▸ YOUR OBJECTIVE: Pictures are to be excluded. Please print only the lines from the one containing "Cozinha de apartamento" through the end of the data, exactly as they appear.

▸ DATA EXTRACT:
>>>

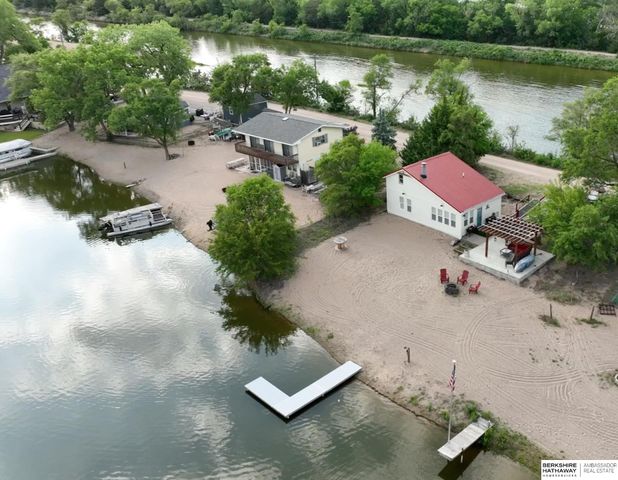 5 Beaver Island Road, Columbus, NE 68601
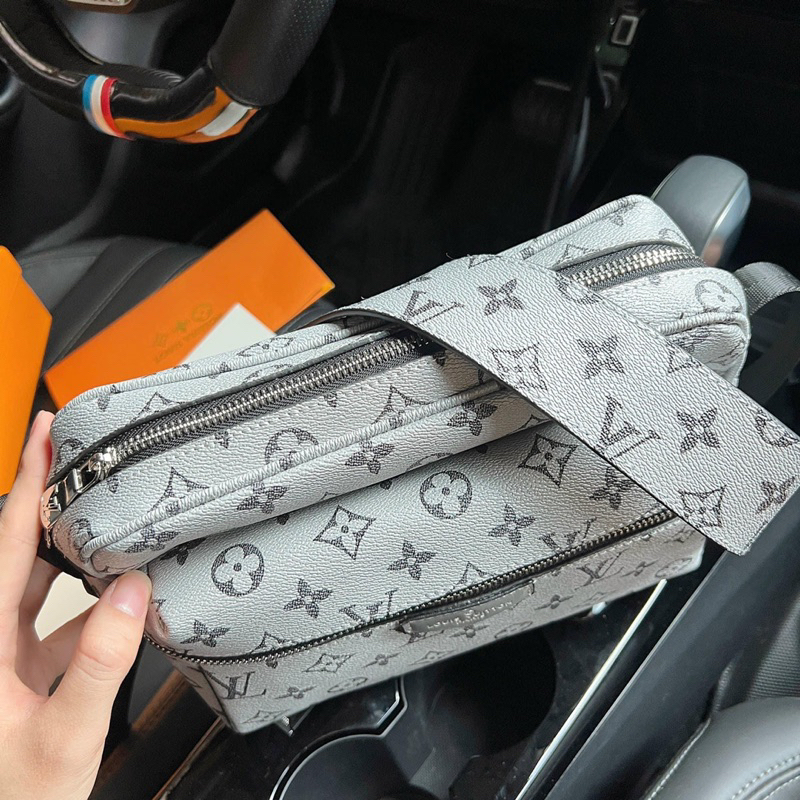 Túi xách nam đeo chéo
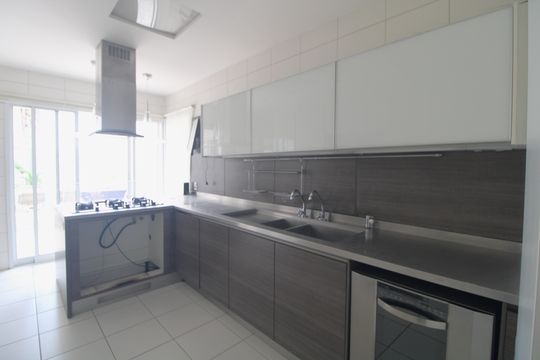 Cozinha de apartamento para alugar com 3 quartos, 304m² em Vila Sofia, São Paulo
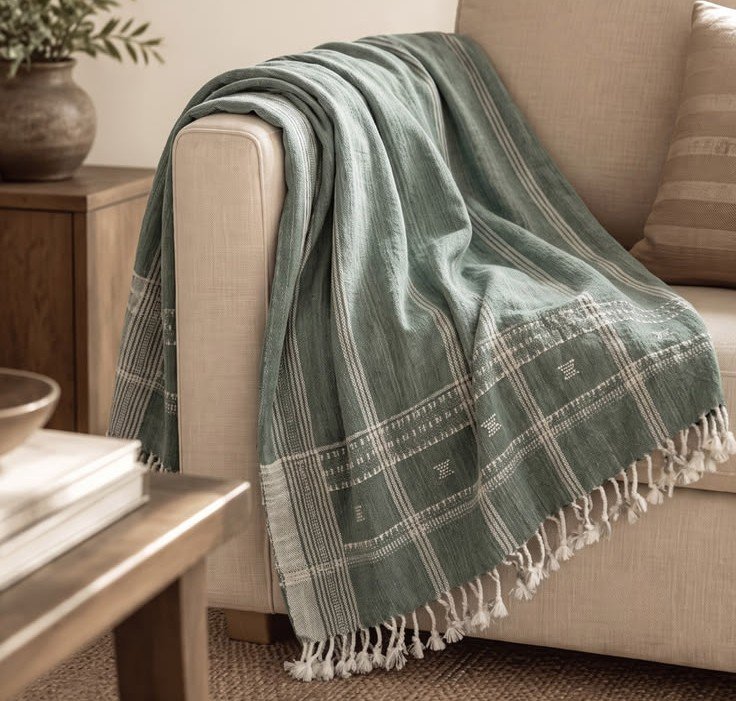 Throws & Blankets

<<<

▸ RESPONSE AREA:
 Cozinha de apartamento para alugar com 3 quartos, 304m² em Vila Sofia, São Paulo
 Throws & Blankets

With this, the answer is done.